WORK ITEM: The answer is an exact repeat of the entries below, with the pictures omitted.

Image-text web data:
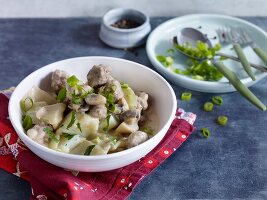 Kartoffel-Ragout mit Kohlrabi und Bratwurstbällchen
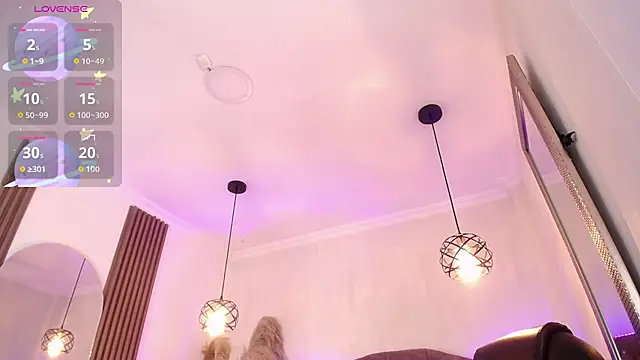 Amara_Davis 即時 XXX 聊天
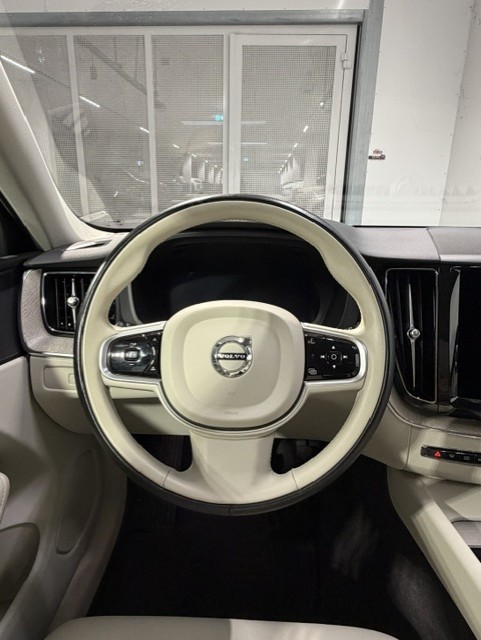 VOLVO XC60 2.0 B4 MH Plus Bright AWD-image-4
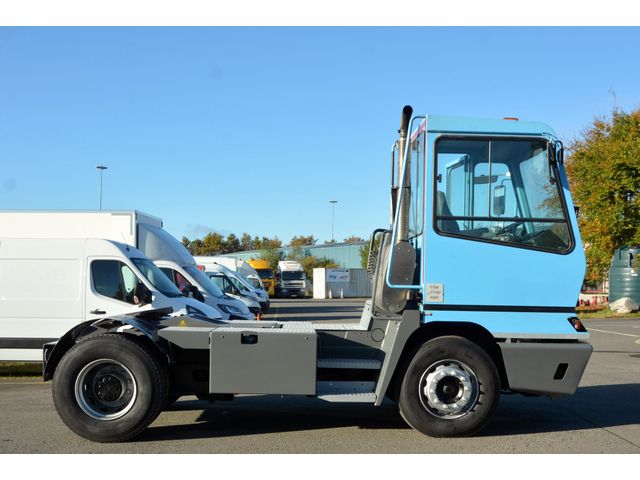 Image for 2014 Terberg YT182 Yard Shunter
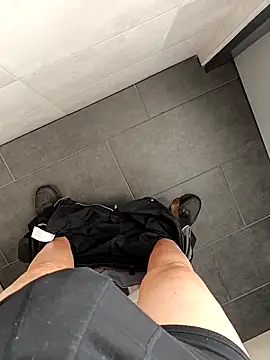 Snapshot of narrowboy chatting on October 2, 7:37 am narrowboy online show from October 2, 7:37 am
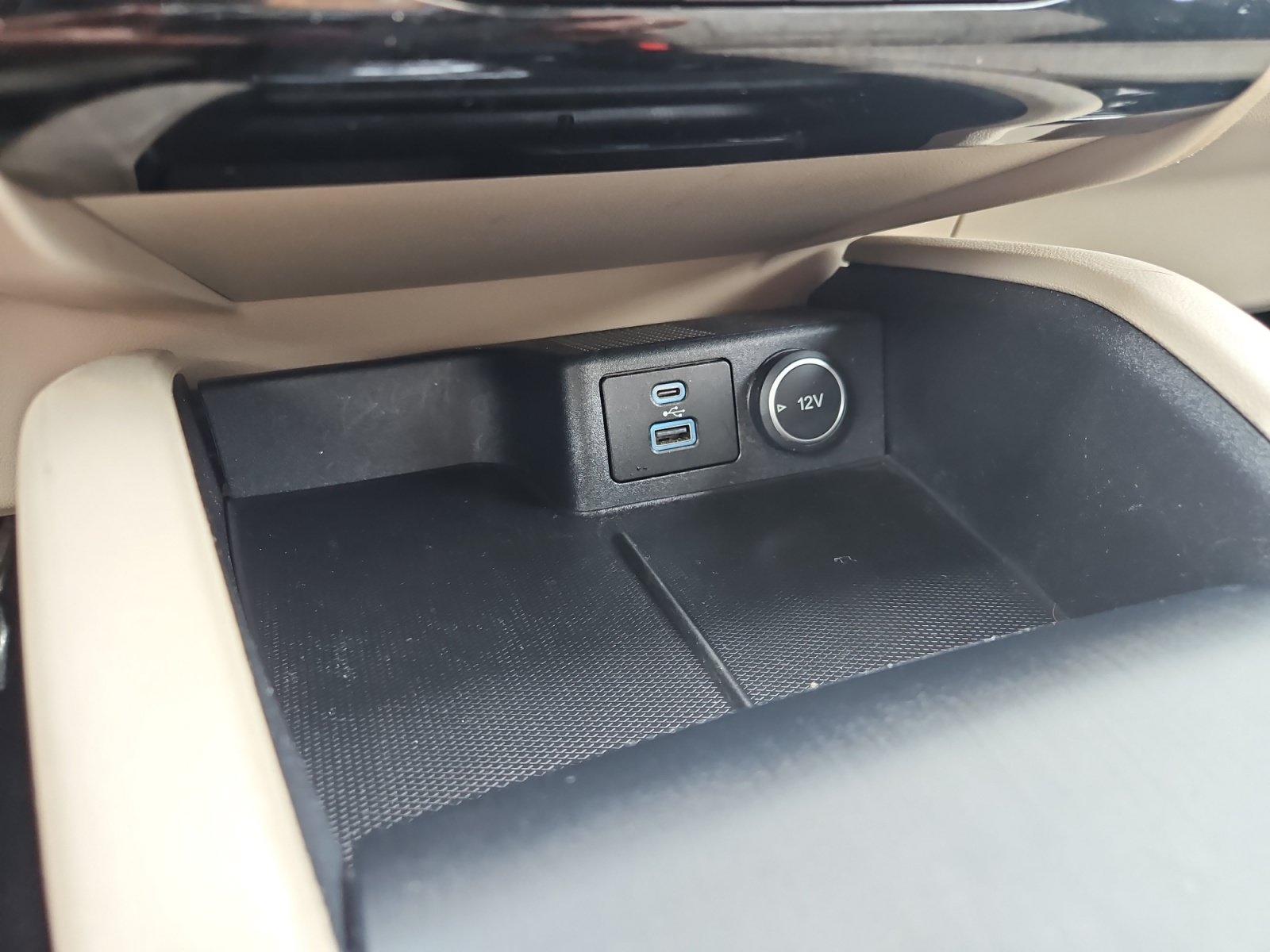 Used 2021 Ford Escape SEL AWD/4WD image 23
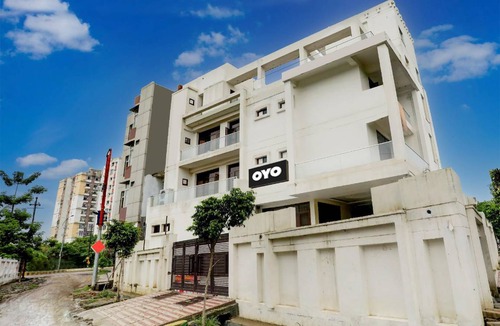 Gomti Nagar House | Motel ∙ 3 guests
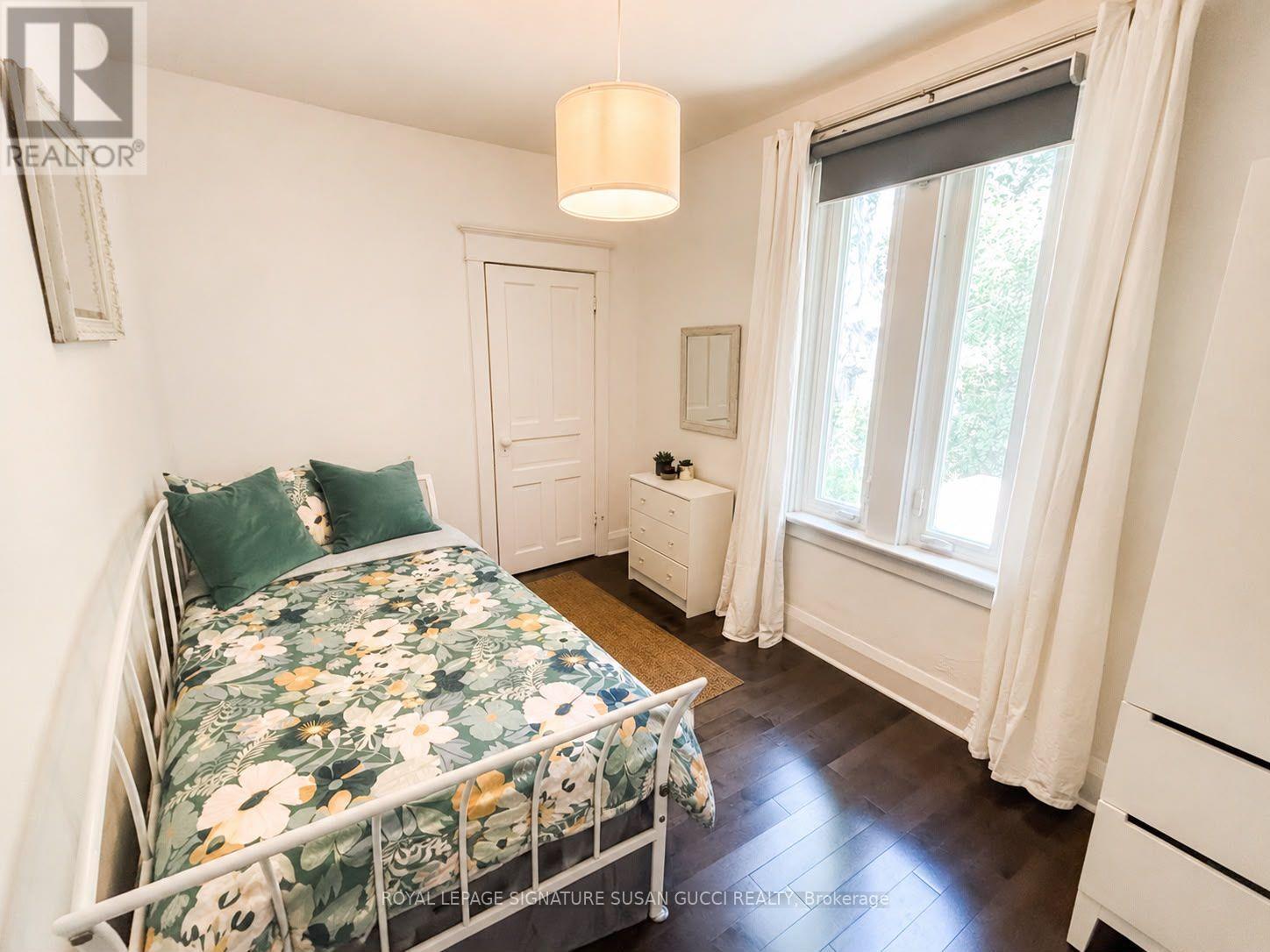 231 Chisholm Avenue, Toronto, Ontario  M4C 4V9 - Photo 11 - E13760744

PROBLEM SOLUTION:
 Kartoffel-Ragout mit Kohlrabi und Bratwurstbällchen
 Amara_Davis 即時 XXX 聊天
 VOLVO XC60 2.0 B4 MH Plus Bright AWD-image-4
 Image for 2014 Terberg YT182 Yard Shunter
 Snapshot of narrowboy chatting on October 2, 7:37 am narrowboy online show from October 2, 7:37 am
 Used 2021 Ford Escape SEL AWD/4WD image 23
 Gomti Nagar House | Motel ∙ 3 guests
 231 Chisholm Avenue, Toronto, Ontario  M4C 4V9 - Photo 11 - E13760744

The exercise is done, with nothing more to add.